Programming for Beginners — A Learning Guide with the Right Approach

¶ Preface

In an era where information is everywhere, many people want to jump in and learn some programming. For students in science and engineering, being able to code is as important as being able to speak English—when dealing with scientific data, you often need programs as tools. For business or humanities students, programming may not be strictly necessary, but having some understanding can still be very helpful: it not only lets you understand how engineers think, but it can also help you write small scripts to simplify tedious office work.

¶ How should I start learning programming?

When you want to learn a programming language, I think you can consider a few approaches:

• Buy/borrow a book like “An Introduction to XX Programming Language”
  This is actually the approach I recommend the most. In my experience, reading a book is the most efficient way. A good introductory book is already organized systematically into learning units. Usually, these beginner books are not that different from one another—just pick one you like.
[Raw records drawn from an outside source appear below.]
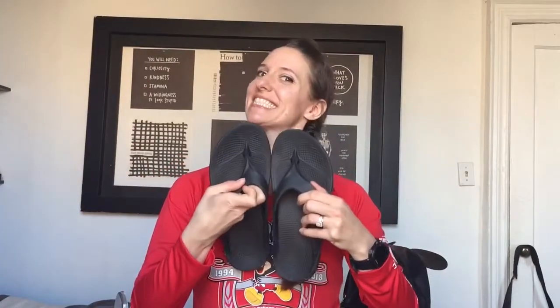I also got a new pair of Oofas. If you guys have not tried these sandals, they are recovery sandals and they are incredible. This is my second pair — I love them. They really saved my feet after both the half marathon and the full marathon, so I'll put a description down below for the Oofas.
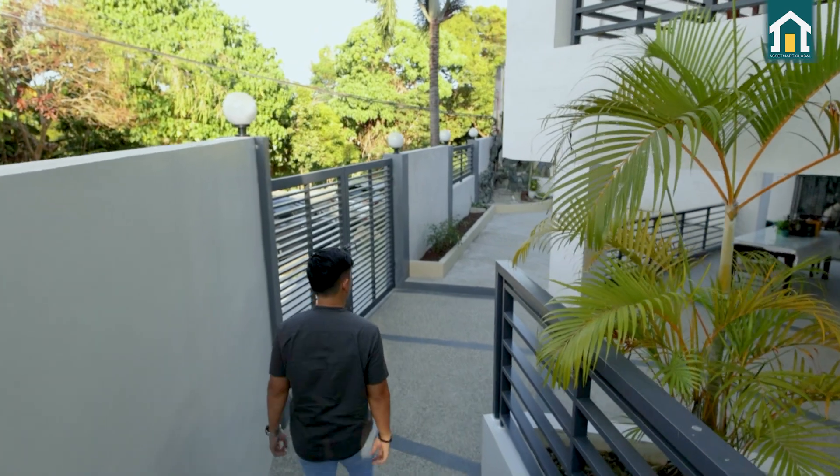Now the master's bedroom — master's talaga. Sobrang laki niya. There's space for a television set or a painting display. A queen-size or king-size bed fits here, and you can see how large the area is. AC is installed in every room. This is your walk-in closet with storage space. Your counter, toilet, and bath are here. The recessed lighting in the CR for your toiletries gives a really different, elevated vibe to the bathroom experience.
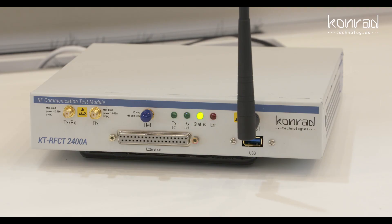Hi everyone, my name is Robin Irwin, I'm the Managing Director for Conrad within Northern Europe. Today I'd like to introduce the 2400A Radio Frequency Communication Tester, or RFCT for short.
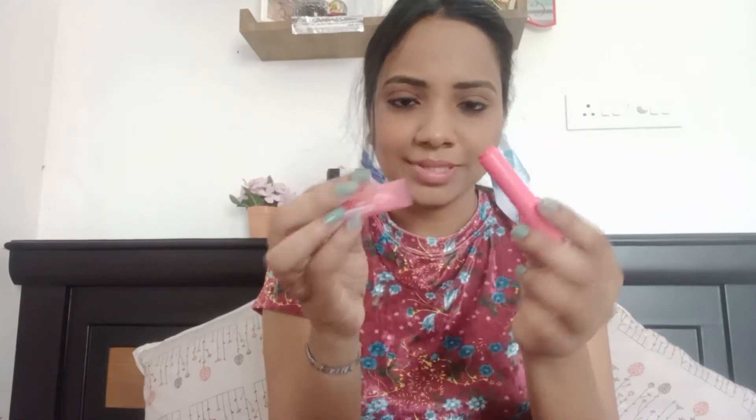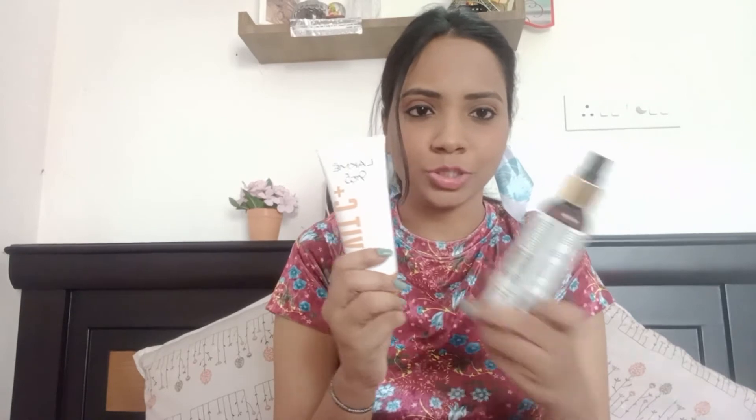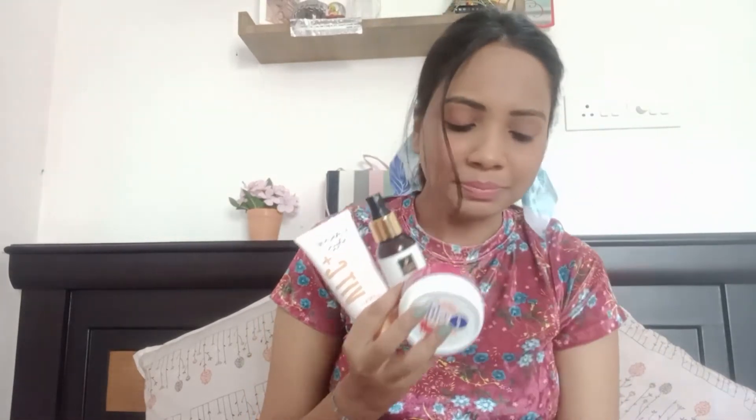After the sunscreen, I also use a lip balm from Lotus — it has a slight tint and the flavor is pink guava, so it smells like guava. So my morning skincare routine is complete: I start with a face wash, then a toner, then a moisturizer, after that a sunscreen, and finally the lip balm. Now I will be showing you my night skincare routine.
• Use an online learning platform and find a course like “Introduction to XX Programming Language”
  Let me mention a few well-known options. The open course websites of NTU, NTHU, and NCTU all have excellent courses. If a course is published there, it is almost certainly a good one, so you can learn with confidence—students at these schools learn this way too. Coursera courses are mostly taught by professors from overseas universities who tend to be good teachers. They are basically in English, but many have Chinese subtitles, and you can learn for free if you don’t buy the certificate. Hahow is a Chinese commercial course platform, usually taught by industry instructors. Courses cost roughly 1,000–2,000. I once bought a course and felt the value was very high for the price.
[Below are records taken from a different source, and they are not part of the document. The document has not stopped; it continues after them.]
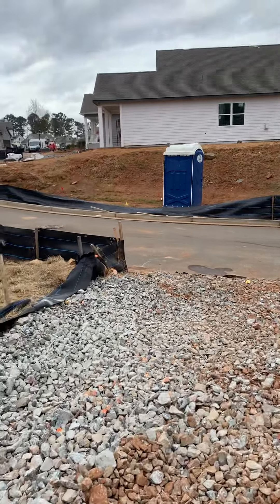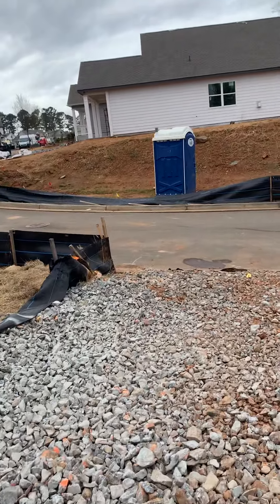Looks like they dropped off some materials over there. I don't think it's for that lot specifically — it might be the ones for your house to start the framing on it.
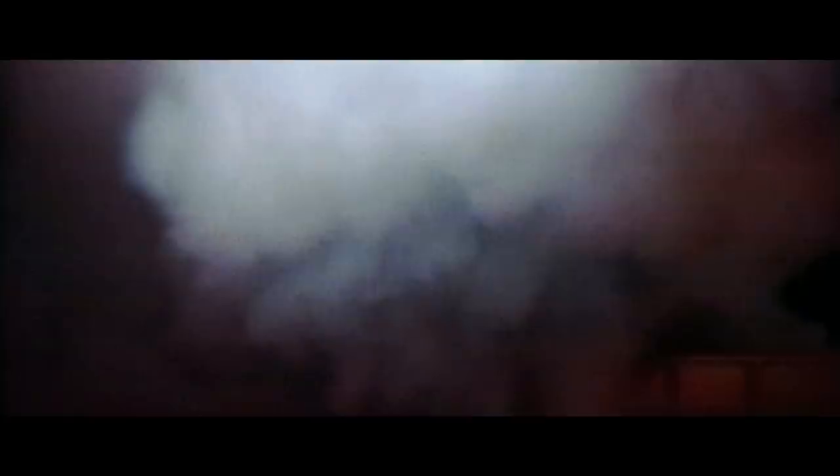Three, two, one — and liftoff of the Cassini spacecraft on a billion-mile trek to Saturn.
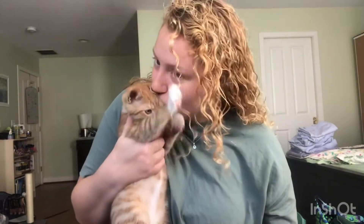Watch this. Colby, say hi. This is Colby Jack. He's an angel. Good job, baby. And I've just been having so much fun with him.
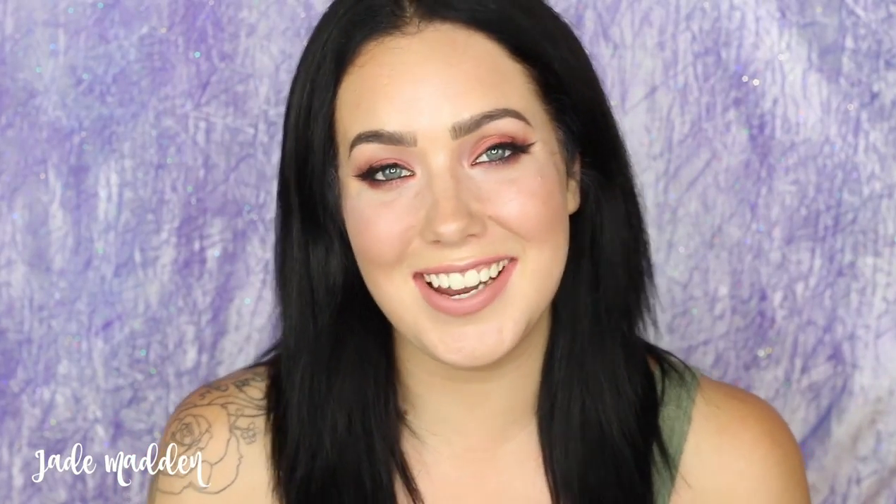Hello rainbows! Welcome back to my channel. So today's video: 15 makeup tricks that you never knew before.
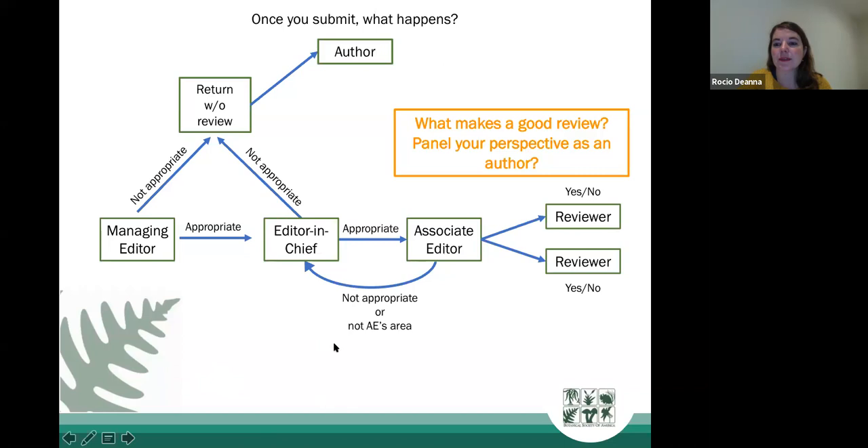Regarding rejecting reviewers: you can ask that certain people not review your paper, but you do need to give a reason. Common reasons include conflicts of interest and competing labs — you're working closely on the same things and want to maintain confidentiality of your work until it's published.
• Skill exchange / find someone to teach you
  I once did a skill exchange with a designer: she taught me drawing, and I taught her programming. If you have friends like that, this can be a lot of fun. Of course, you can also hire a tutor, or ask a friend to teach you—buy them an afternoon tea for a lesson, and your engineer friends will probably be happy to help.
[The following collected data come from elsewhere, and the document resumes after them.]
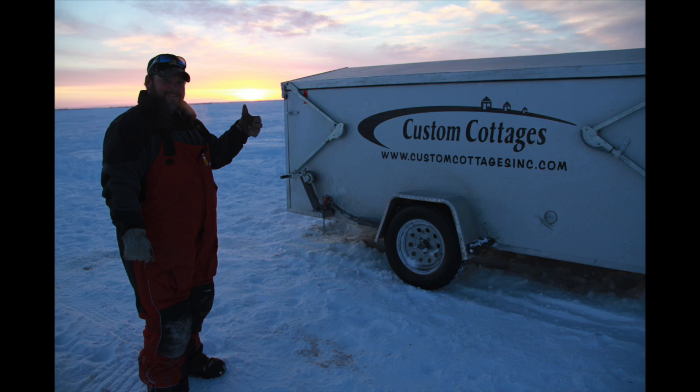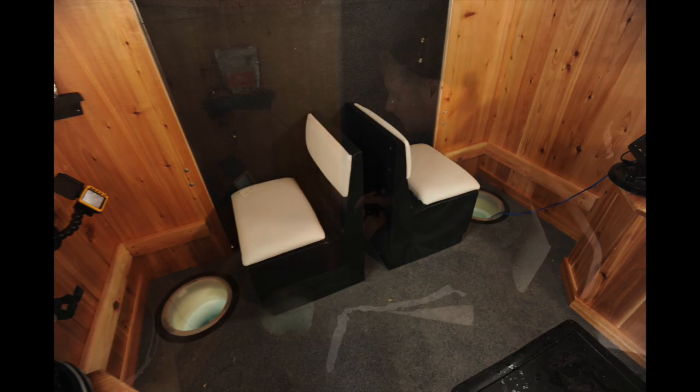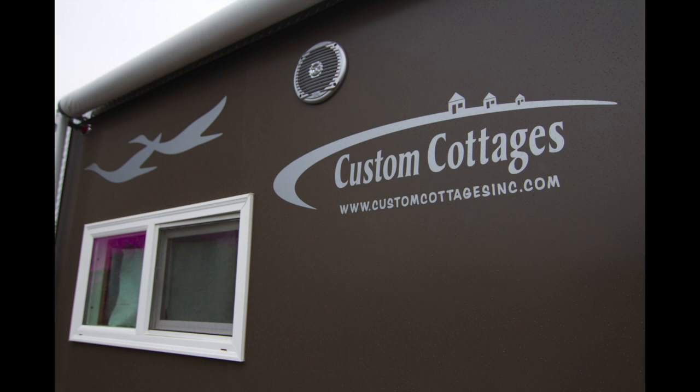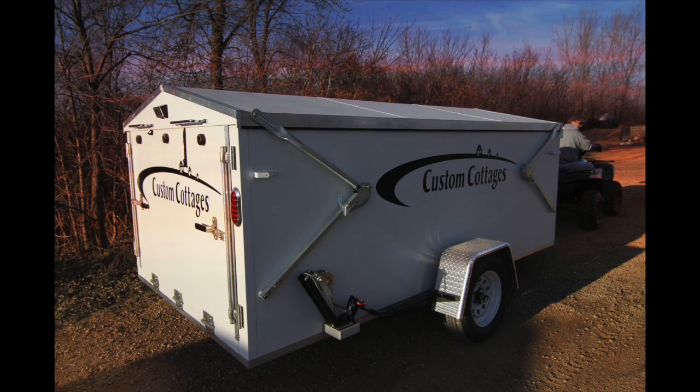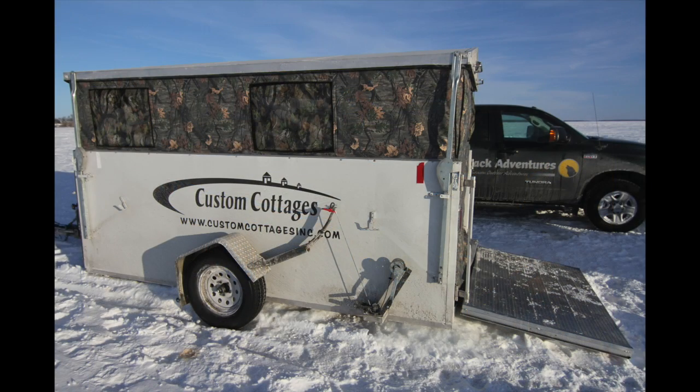Having a custom cottage mobile shelter, it's not just for fishing and hunting — it's a guest house at the lake. We're going up north to a wedding and the hotels are sold out, or we want to hit a couple of state parks on the way. In 2015, Custom Cottages will be implementing hot water systems into their trailers and mobile shelters.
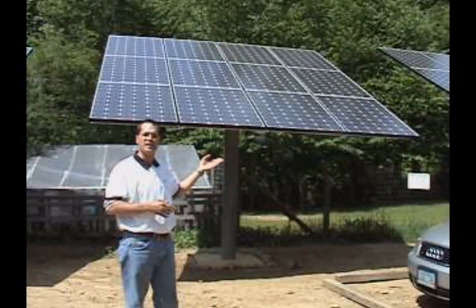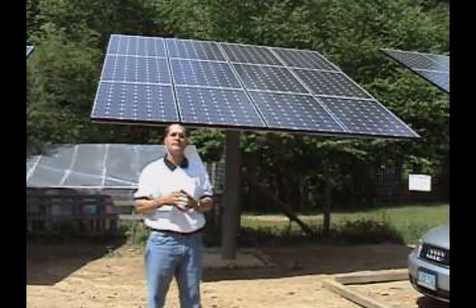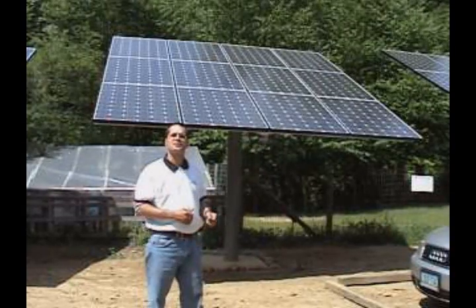Today, right now as we speak, we're at maximum power. We're producing a significant amount of wattage, more than my house will need, and it's going back out into the grid through an inverter for other people so that they can save on greenhouse carbons also.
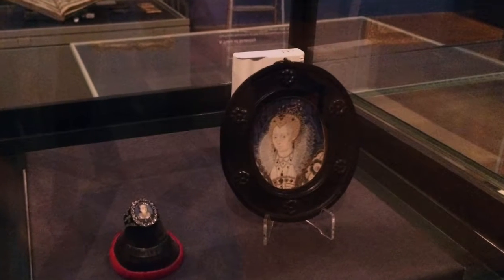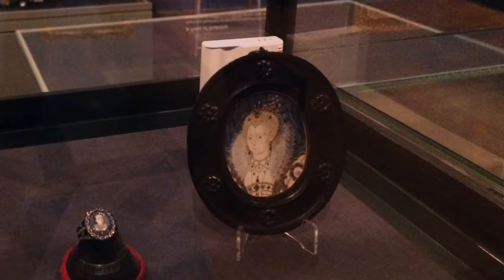The detail within it and how he's captured her — being able to show her in such finery, her ruffs and the jewellery, with such minute detail — is absolutely beautiful.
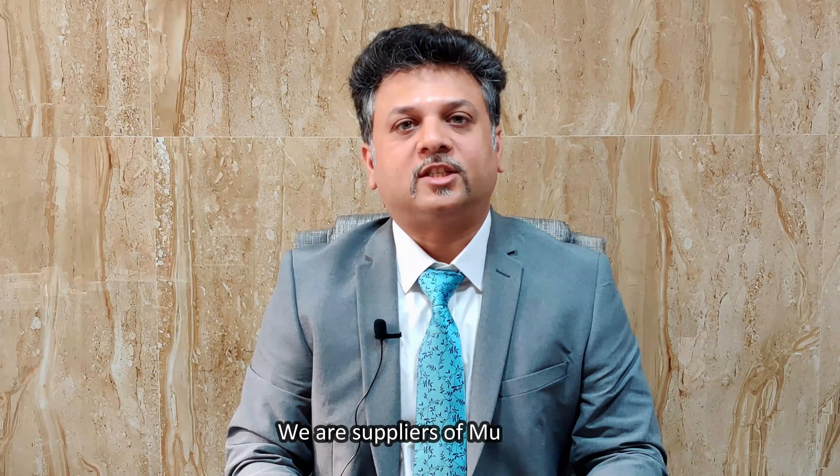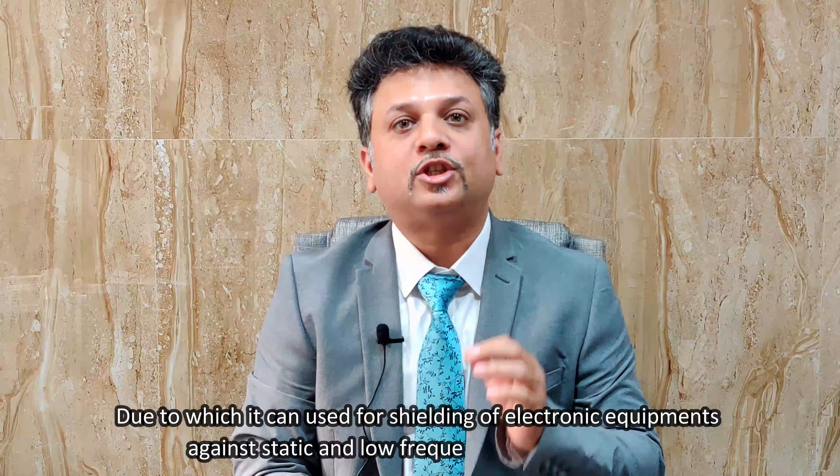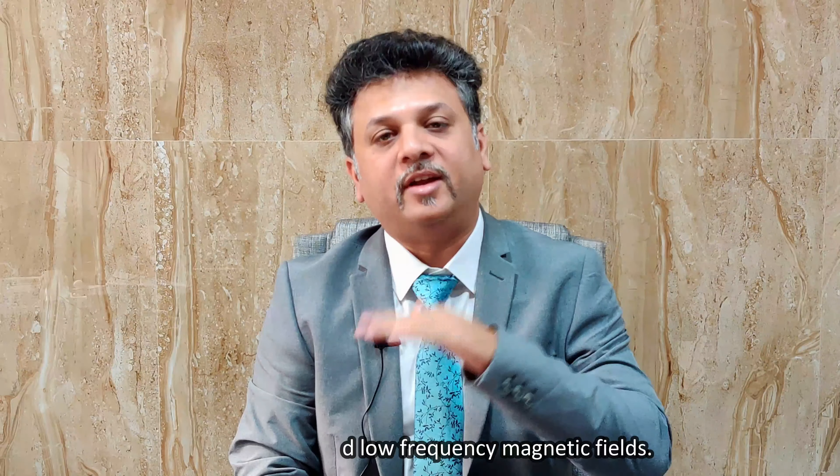What is NuMetal? Hi, I am Keral Domadya from Bombay Dali Electronics. We are suppliers of NuMetal. NuMetal is a soft magnetic nickel iron alloy with very high permeability, due to which it can be used for shielding of electronic equipment against static and low frequency magnetic fields.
• Various beginner tutorials on the internet
  I don’t recommend this approach as much. For beginners, it’s hard to judge the quality of online resources, and online materials are often too scattered; it’s also hard for beginners to know what learning path to follow. But if you have friends who are familiar with programming, you can ask them to help plan your learning resources. Experienced engineers can tell what you should learn first and what can wait, and what you should definitely learn versus what is optional.

  So I don’t recommend that you simply Google “Python beginner” by yourself. Searching is not a bad thing, but the results may not actually help you—and might even mislead you. The best approach is to ask an experienced friend to filter and curate resources for you.

¶ Which programming language should I learn?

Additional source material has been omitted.